Single by the Who

from the album Happy Jack (US version of A Quick One)
- B-side: "I've Been Away" (UK); "Whiskey Man" (US);
- Released: 2 December 1966 (UK); 18 March 1967 (US);
- Recorded: 10 November 1966
- Studio: CBS Studios, London
- Genre: Rock
- Length: 2:14
- Label: Reaction (UK); Decca (US); Polydor (EU);
- Songwriter: Pete Townshend
- Producer: Kit Lambert

The Who singles chronology
| "La-La-La-Lies" (1965) | "Happy Jack" (1966) | "Pictures of Lily" (1967) |

Official audio
- "Happy Jack" on YouTube

= Happy Jack (song) =

"Happy Jack" is a song by the English rock band the Who. Written by guitarist Pete Townshend, it was released as a single in December 1966 in the United Kingdom, peaking at No. 3 in the charts. It peaked at No. 1 in Canada. It was also their first top 40 hit in the United States, where it was released in March 1967 and peaked at No. 24. It was included on the American version of their second album, Happy Jack, originally titled A Quick One in the UK.

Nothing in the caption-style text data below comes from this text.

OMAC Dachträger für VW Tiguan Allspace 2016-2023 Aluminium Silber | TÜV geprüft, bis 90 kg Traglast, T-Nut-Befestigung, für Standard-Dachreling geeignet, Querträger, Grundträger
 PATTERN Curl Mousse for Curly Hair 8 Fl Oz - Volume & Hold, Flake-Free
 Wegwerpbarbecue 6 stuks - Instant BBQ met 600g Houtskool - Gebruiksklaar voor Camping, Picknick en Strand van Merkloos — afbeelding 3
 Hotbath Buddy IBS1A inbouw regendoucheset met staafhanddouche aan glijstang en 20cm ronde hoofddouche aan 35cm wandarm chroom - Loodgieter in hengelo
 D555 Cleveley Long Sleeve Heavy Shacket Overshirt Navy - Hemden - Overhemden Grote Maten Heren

The song features Roger Daltrey sharing lead vocals with John Entwistle and Pete Townshend. At the tail end of "Happy Jack", Townshend can be heard shouting "I saw you!"; it is said that he had noticed drummer Keith Moon trying to join in surreptitiously to add his voice to the recording, something the rest of the band would try to prevent (Moon had a habit of making the other members laugh). Rolling Stone critic Dave Marsh calls this line "the hippest thing" about the song.

In the song, Happy Jack "lived in the sand at the Isle of Man". According to some sources, Townshend reported the song is about a man who slept on the beach near where Townshend vacationed as a child. Children on the beach would laugh at the man and once buried him in the sand. However, the man never seemed to mind and only smiled in response. According to Marsh, "the lyric is basically a fairy tale, not surprisingly, given the links to Pete's childhood".

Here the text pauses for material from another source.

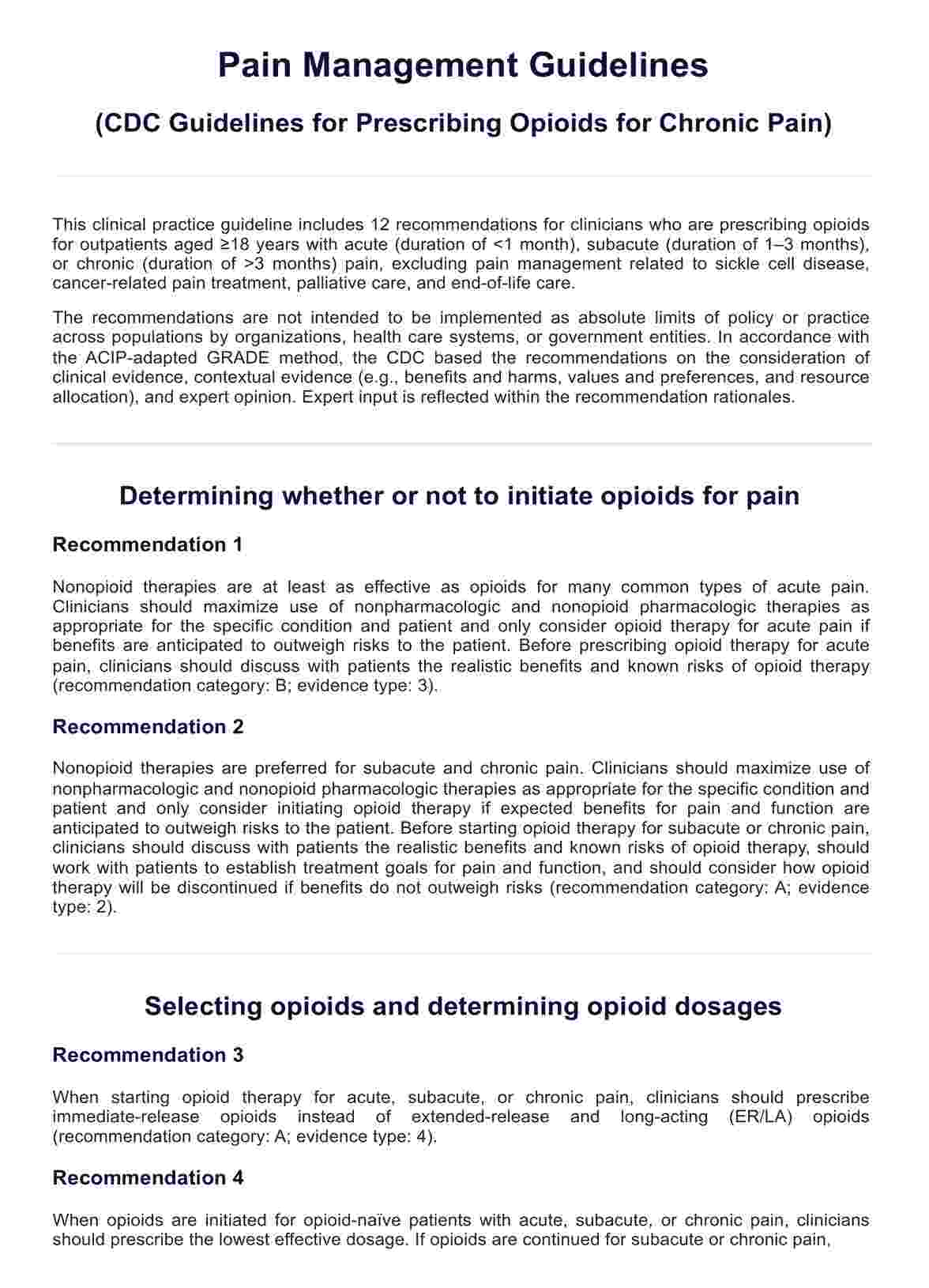 Pain Management Guidelines (CDC Guideline for Prescribing Opioids for Chronic Pain) PDF Example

Greg Littmann interprets the song as a possible reaction to alienation, as Jack allows "the cruelty of other people [to] slide off his back".

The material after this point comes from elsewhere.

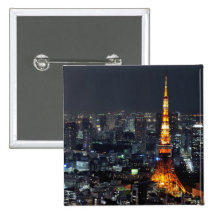 Tokyo Tower by Night Pinback Buttons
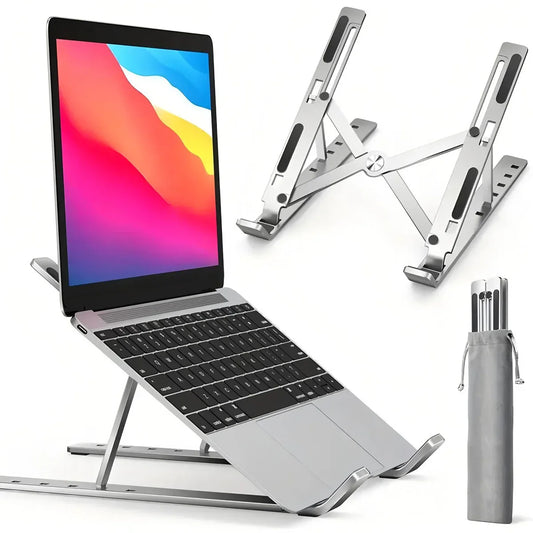 Soporte multifuncional para computadora portátil con siete niveles ajustables en ángulo, soporte plegable para computadora portátil, escritorio, elevación y refrigeración, soporte para tableta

Despite its chart success, Who biographer Greg Atkins describes the song as being the band's weakest single to that point. Daltrey reportedly thought the song sounded like a "German oompah song". But Chris Charlesworth praised the "high harmonies, quirky subject matter" and "fat bass and drums that suspend belief". Charlesworth particularly praised Moon's drumming for carrying not just the beat, but also the melody itself, in what he calls "startlingly original fashion". Marsh states that although the song contained little that the band had not done before, it did "what the band did well", giving the "soaring harmonies, enormously fat bass notes, thunderous drumming" and the guitar riffs as examples.

According to Pete Townshend's autobiography, "Happy Jack" is Paul McCartney’s favourite Who song.

==Live performances==
The song was first performed by the Who in 1967 and continued to be played until 1970; a performance from the Who's February 1970 concert at Leeds may be heard in a medley with other songs on the 1995 CD reissue of Live at Leeds and subsequent reissues. It was also performed in Townshend's first solo concert in 1974. The most recent performances of the song were short (one-and-a-half-minute) versions at the Shepherd's Bush Empire, London, on 22 and 23 December 1999.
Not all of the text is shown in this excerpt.